Sajida can't talk openly about what war and displacement have forced her to do. She banters with male customers at the café where she works in Damascus, Syria. But the men want more from this 43-year-old divorced mother of two, a refugee from Iraq. And she can’t refuse; her boss has seized her passport.

“I am a slave in his hands,” Sajida says. She arrived in Syria penniless in 2006, after the Mahdi Army, a Shiite militia, raped her in front of her son and evicted her from Baghdad because she is Sunni. She sewed clothes in a Syrian factory for $4 a day, from 7 a.m. to 6 p.m. Then she cleaned homes. Neither job paid enough to cover her expenses: $220 a month for utilities, food and rent in the Iraqi enclave of Jaramana. With two sons to support and only a middle-school education, she submitted to the café. “I have no other solutions,” she says.

Iman, a 41-year-old widow from Basra, solicits clients at a bar filled with men and smoke from water pipes, her 9-year-old daughter at her side, coughing. “How else,” Iman asks, “can I get money?”

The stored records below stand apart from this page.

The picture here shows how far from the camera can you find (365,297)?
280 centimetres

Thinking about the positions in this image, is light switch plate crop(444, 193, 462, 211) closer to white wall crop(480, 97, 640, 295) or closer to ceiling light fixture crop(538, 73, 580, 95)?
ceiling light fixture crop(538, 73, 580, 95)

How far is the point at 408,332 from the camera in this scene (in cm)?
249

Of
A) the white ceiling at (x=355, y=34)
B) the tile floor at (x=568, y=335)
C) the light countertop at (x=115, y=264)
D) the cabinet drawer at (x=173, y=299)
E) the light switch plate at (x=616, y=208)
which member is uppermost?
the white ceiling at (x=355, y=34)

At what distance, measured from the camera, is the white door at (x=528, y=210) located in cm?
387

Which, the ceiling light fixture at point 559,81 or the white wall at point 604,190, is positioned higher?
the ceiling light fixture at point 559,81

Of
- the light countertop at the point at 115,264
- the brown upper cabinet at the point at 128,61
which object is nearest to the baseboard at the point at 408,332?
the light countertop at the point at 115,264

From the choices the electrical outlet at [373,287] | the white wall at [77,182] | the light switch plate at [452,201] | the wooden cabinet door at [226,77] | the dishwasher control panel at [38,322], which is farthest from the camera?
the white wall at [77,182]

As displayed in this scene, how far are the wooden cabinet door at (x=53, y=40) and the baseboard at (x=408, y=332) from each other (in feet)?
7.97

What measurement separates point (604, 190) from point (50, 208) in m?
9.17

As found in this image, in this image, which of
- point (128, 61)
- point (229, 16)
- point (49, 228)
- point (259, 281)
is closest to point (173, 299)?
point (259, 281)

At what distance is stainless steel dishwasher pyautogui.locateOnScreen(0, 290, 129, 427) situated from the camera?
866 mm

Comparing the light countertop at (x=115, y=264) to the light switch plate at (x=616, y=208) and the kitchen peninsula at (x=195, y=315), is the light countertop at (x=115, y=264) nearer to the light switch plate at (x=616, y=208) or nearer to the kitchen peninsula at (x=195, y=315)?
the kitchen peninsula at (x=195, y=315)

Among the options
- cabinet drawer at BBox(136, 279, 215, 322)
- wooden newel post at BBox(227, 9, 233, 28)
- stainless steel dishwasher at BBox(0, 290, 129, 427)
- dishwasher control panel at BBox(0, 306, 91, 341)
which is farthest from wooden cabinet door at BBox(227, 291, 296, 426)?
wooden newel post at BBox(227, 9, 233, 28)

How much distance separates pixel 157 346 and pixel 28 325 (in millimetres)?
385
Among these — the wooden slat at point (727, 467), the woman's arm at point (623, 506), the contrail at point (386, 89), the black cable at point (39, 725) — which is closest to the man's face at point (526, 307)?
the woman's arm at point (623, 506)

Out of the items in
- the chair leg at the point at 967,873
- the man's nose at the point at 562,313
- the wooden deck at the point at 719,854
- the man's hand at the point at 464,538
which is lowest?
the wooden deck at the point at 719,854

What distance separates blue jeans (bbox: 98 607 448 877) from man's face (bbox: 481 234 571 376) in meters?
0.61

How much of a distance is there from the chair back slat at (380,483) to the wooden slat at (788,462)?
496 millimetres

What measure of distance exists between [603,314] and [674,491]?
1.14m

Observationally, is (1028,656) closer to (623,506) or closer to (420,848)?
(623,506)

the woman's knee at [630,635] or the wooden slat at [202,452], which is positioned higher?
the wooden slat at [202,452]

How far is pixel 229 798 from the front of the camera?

Hundreds of the 1.5 million Iraqi refugees in Syria have turned to prostitution, in a region where loss of a woman’s “honor” can lead to loss of her life. Many of their visas have expired. New visas are hard to come by, and they forbid Iraqis from working anyway. Most women subsist on vanishing savings and occasional checks from relatives abroad. Others are forced into an underground economy that sells sex.

“We don’t call it prostitution,” says Sybella Wilkes, a Damascus-based spokeswoman for UNHCR, the United Nations refugee agency. “We call it ‘survival sex.’”

Women have been widowed, divorced or separated from husbands by the war, and now women-headed households account for almost a quarter of Iraqi refugee households registered with UNHCR, which sees new rape and prostitution victims every week. UNHCR has a safe house in Damascus and gives widows priority for a $100 monthly stipend reserved for 7,000 refugees. But even families with able-bodied adult men are coercing their daughters into the sex trade. Some are as young as 12, says Youmen Abu al-Husain, board member for a nonprofit running a juvenile prison that counts nine Iraqi girls suspected of being prostitutes among its 44 detainees.

Prostitution here includes the practice of muta’a—temporary “pleasure marriages,” to which some Shiite clerics bestow Islamic-law legitimacy. UNHCR notes the contested practice is rising among both Sunni and Shiite refugees, with fake sheikhs in the Iraqi hub of Sayyida Zeinab doing a brisk business in these so-called marriages and Arab Gulf businessmen paying well for such transactions, which can last as little as a day.

Iraqis have also replaced Eastern Europeans as “dancers” who go with clients for $100 a night in nightclubs catering to tourists and businessmen seeking sex. At Al-Capitan, on the outskirts of Damascus, Iraqi mothers in black abayas line the balcony, overseeing their daughters dancing below in tight, low-cut gowns. Yasmeen and Hiba—sisters from Mosul, ages 23 and 16—support their mother and five brothers through Al-Capitan “dancing.” “I feel shame,” says Yasmeen, who wears the hijab everywhere but in the nightclub. “I can’t tell people where I work.”

The consequences of such work can be fatal. Relatives of a widowed mother of three in Sayyida Zeinab strangled her to death, one of two “honor killings” of prostituted Iraqi women reported to UNHCR last autumn. No one knows how many such deaths go unreported.